Men should take contraceptive pill for Covid-19? Good Morning Britain’s doctor guest under fire after program’s misleading tweet

Men should take contraceptive pill for Covid-19? Good Morning Britain’s doctor guest under fire after program’s misleading tweet

A medical expert who appeared on Good Morning Britain was bombarded on social media for making ‘dangerous claims’ after the show posted a misleading tweet about his advice regarding men taking the contraceptive pill for Covid-19.

The popular TV program invited Dr Amir Khan to discuss a new medical study on Wednesday linking milder Covid-19 symptoms in women with levels of estrogen. The hormone is one of the primary components in oral contraceptive pills and some other medications.

“The idea is that estrogen specifically can be protective. What it does is boost your immune system, so your immune system reacts quicker to the virus once it takes hold and you get less of a severe response,” the guest explained.

Host Kate Garraway suggested that, given the precarious situation with the disease in Britain, the instinct of some men might be to say: “I’ll risk my man-boobs and just go and get myself on the contraceptive pill.”

Dr Khan said that this wouldn’t be a good idea, considering how “all hormones have side effects” and estrogen in particular may lead to certain types of cancer, for example.
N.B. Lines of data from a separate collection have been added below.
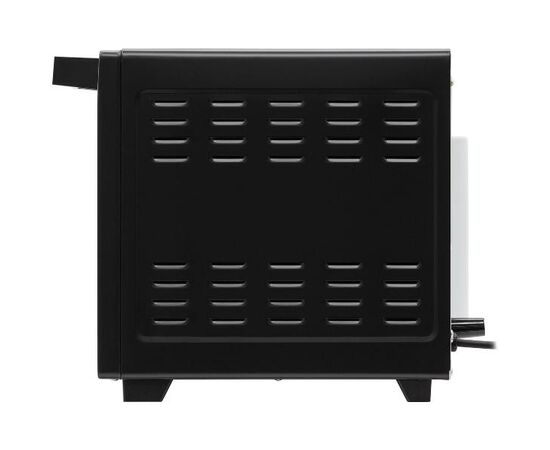  Мини-печь KRONA Ofen 28 BLS (КА-00007319) 
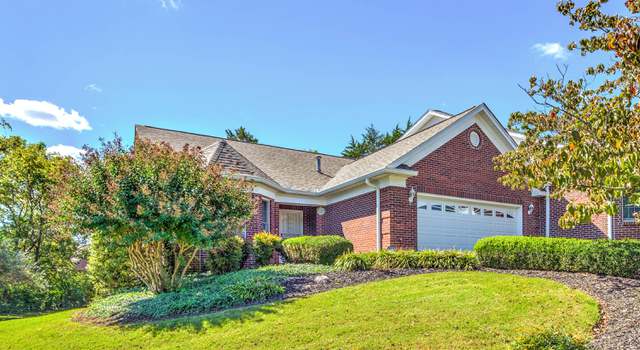 Photo of 5301 Comice Way, Knoxville, TN 37918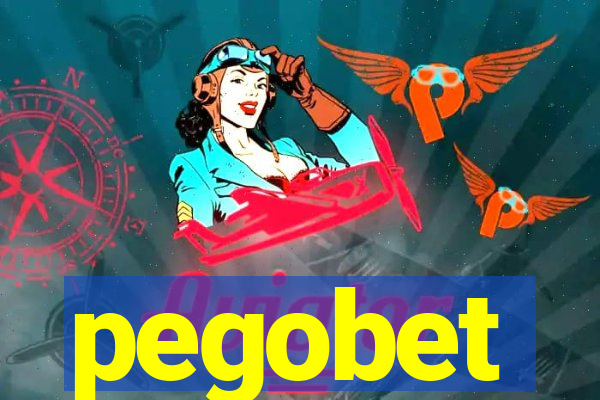 pegobet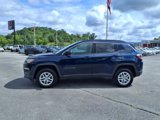 Used 2020 Jeep Compass Sport w/ Cold Weather Group image 2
“We certainly wouldn’t want everyone just going on estrogen pills or hormone pills because that can cause problems in itself,” he said.
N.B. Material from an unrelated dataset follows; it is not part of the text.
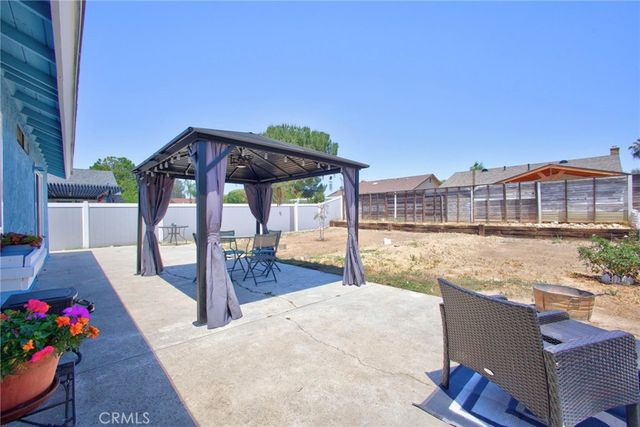 25860 Margaret Avenue, Moreno Valley, CA 92551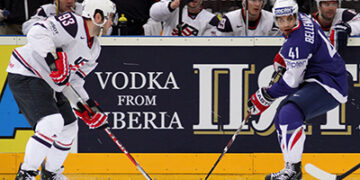 20100516-France-Etats_Unis-8477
Soon after the broadcast, Dr Khan found himself on the receiving end of some online anger, with people calling him “stupid and corrupt,” demanding that the British medical regulator GMC launch an investigation into his comments.


The reason behind this reaction, however, was how Good Morning Britain had chosen to promote his appearance on Twitter.
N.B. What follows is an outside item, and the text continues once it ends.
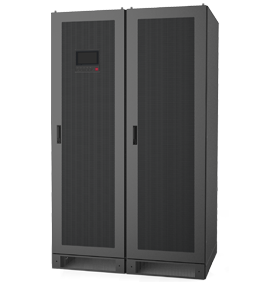 ups电源 科华MR33-200数字化模块化UPS - 华南腾飞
A now-deleted tweet posted by the program started with a rhetorical question: “Should everyone in the country, including men, take the contraceptive pill to protect against coronavirus?” before outlining Dr Khan’s acknowledgement that the pill “could offer ‘potential protection’ against the virus.”

The link between estrogen and the severity of Covid-19 symptoms was hypothesized by researchers at King’s College London, who noticed that women taking oral contraceptives were 13 percent less likely to have a bad case of the disease than those who didn’t.

Statistically, men are more likely than women to develop acute symptoms after being infected with the coronavirus, so scientists throughout the world have been looking for possible ways to use sex hormones to battle the virus.